TRY IT
The answer must consist solely of the line containing "Audi A6 Avant" and every line after it in the records below, through the last, each reproduced exactly.
** RECORDS FOR THE EXERCISE follows **
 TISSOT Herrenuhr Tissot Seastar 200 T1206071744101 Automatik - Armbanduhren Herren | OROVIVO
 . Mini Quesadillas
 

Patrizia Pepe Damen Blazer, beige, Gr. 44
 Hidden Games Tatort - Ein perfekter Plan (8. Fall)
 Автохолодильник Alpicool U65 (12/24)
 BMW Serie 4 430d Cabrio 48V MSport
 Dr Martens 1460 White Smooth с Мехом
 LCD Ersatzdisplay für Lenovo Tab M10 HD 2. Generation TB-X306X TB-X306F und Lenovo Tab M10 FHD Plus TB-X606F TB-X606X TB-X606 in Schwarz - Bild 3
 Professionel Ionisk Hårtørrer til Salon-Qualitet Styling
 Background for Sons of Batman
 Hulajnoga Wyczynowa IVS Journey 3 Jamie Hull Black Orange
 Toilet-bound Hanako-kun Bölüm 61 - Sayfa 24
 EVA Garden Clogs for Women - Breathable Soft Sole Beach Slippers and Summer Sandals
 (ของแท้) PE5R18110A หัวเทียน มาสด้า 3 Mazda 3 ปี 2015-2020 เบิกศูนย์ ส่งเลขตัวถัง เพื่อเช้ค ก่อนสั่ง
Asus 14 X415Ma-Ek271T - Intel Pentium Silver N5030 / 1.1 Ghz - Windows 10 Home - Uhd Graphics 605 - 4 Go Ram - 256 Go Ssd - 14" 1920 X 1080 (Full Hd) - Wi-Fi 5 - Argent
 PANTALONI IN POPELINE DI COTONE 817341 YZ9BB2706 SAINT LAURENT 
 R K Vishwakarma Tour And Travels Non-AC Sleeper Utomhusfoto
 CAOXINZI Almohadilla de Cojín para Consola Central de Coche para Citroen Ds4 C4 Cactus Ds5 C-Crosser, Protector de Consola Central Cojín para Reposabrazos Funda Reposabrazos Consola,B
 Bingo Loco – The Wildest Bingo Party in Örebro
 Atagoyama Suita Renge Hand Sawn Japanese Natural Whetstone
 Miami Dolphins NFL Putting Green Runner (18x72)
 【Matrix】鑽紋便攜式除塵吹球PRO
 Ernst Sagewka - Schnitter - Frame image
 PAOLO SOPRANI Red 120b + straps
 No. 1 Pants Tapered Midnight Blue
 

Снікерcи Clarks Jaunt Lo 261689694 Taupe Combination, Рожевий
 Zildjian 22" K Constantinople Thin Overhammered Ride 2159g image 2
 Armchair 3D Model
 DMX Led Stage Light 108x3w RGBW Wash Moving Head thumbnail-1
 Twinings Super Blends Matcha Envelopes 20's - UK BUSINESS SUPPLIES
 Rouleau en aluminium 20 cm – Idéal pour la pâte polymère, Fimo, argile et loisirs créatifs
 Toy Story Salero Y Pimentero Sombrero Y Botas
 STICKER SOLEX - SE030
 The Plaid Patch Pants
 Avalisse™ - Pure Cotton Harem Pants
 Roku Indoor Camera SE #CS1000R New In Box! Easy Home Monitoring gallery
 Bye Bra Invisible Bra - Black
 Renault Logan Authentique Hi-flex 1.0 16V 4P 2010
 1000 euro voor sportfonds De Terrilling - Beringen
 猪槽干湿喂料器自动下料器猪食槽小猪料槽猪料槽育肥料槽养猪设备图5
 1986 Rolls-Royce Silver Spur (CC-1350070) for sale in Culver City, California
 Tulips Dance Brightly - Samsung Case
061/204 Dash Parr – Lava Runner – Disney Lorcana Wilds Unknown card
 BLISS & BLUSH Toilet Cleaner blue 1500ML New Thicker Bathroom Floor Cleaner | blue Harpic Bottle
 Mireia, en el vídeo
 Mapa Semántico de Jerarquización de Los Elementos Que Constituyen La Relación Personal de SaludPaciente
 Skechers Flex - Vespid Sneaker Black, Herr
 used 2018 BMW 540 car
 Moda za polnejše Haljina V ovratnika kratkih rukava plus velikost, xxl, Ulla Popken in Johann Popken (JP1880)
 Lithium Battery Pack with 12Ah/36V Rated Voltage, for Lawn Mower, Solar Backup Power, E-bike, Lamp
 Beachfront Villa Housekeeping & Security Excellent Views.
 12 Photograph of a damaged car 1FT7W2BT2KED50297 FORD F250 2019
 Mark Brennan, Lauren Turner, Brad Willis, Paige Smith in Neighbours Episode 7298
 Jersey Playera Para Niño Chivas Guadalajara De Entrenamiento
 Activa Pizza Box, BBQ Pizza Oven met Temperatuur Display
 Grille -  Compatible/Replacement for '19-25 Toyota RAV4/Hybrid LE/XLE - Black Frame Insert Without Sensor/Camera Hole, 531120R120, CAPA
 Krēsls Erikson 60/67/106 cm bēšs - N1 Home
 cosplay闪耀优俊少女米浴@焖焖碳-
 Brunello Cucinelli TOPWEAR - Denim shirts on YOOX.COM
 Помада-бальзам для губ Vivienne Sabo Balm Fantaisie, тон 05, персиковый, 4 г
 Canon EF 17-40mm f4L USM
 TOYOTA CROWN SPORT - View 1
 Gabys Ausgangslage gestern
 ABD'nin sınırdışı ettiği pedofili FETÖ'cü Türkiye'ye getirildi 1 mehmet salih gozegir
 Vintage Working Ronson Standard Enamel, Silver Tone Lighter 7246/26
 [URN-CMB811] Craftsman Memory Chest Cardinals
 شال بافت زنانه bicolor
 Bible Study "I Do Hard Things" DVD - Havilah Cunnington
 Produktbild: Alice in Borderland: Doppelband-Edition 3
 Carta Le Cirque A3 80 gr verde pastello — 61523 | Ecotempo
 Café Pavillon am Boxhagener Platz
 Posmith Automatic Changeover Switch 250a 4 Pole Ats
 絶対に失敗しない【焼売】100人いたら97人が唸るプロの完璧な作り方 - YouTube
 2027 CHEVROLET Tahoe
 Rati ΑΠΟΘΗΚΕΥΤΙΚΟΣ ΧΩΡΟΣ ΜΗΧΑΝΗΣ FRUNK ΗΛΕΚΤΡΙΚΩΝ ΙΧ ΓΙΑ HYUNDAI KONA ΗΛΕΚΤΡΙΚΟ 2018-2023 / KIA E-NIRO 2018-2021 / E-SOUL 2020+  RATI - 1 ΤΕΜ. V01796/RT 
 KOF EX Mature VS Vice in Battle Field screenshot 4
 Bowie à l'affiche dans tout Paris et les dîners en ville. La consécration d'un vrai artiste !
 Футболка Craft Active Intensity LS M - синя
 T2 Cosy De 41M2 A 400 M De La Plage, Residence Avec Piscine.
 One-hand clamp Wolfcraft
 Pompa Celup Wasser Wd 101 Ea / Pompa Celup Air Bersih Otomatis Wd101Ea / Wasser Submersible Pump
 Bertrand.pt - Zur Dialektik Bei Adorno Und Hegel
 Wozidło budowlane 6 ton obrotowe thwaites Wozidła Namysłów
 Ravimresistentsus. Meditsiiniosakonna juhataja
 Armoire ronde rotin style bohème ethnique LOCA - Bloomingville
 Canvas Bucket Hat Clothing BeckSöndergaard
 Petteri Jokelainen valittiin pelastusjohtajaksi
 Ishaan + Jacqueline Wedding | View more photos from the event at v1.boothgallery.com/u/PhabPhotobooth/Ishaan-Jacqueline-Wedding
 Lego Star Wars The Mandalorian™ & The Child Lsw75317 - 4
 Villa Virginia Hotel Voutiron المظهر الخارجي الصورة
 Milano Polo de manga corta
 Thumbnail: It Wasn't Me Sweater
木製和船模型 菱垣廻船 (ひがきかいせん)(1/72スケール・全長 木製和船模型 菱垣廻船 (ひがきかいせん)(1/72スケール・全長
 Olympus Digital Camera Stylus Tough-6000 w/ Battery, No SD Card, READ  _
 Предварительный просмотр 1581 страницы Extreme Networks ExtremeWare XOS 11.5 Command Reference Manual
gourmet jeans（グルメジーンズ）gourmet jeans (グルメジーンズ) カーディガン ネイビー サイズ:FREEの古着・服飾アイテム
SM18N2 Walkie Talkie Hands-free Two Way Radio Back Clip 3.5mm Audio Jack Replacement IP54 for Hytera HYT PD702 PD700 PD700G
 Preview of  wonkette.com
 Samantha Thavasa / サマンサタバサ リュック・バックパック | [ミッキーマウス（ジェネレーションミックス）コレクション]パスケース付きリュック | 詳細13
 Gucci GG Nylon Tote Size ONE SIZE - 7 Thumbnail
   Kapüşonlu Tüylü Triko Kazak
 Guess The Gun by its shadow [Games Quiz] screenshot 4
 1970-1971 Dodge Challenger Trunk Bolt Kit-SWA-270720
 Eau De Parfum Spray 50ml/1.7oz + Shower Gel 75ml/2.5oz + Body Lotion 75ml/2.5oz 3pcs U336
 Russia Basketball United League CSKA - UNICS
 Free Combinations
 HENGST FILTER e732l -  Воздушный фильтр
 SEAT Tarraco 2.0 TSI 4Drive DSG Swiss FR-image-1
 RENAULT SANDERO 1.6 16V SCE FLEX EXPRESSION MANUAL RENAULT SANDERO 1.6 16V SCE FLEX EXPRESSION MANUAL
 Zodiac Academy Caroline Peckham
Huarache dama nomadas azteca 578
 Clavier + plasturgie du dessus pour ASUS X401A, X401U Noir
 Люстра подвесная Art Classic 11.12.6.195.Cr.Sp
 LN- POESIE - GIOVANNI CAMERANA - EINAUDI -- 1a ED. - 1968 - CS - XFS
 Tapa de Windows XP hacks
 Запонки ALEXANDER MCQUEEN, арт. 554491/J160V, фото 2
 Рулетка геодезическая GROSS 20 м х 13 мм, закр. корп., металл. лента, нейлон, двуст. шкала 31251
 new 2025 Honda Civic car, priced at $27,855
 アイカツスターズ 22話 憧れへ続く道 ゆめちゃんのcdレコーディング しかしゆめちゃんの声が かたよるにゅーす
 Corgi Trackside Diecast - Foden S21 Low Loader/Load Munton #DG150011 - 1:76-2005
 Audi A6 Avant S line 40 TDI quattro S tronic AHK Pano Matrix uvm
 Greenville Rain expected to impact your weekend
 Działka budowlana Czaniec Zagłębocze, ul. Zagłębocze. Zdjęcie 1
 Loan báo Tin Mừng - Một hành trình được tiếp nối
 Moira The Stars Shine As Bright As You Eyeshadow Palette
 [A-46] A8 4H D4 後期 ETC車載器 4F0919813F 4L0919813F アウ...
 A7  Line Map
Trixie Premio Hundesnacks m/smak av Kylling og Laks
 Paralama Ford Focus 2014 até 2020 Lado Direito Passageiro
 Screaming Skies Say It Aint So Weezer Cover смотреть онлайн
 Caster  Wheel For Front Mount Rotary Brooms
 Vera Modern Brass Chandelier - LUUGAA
** End of RECORDS FOR THE EXERCISE **
WRITTEN SOLUTION
 Audi A6 Avant S line 40 TDI quattro S tronic AHK Pano Matrix uvm
 Greenville Rain expected to impact your weekend
 Działka budowlana Czaniec Zagłębocze, ul. Zagłębocze. Zdjęcie 1
 Loan báo Tin Mừng - Một hành trình được tiếp nối
 Moira The Stars Shine As Bright As You Eyeshadow Palette
 [A-46] A8 4H D4 後期 ETC車載器 4F0919813F 4L0919813F アウ...
 A7  Line Map
Trixie Premio Hundesnacks m/smak av Kylling og Laks
 Paralama Ford Focus 2014 até 2020 Lado Direito Passageiro
 Screaming Skies Say It Aint So Weezer Cover смотреть онлайн
 Caster  Wheel For Front Mount Rotary Brooms
 Vera Modern Brass Chandelier - LUUGAA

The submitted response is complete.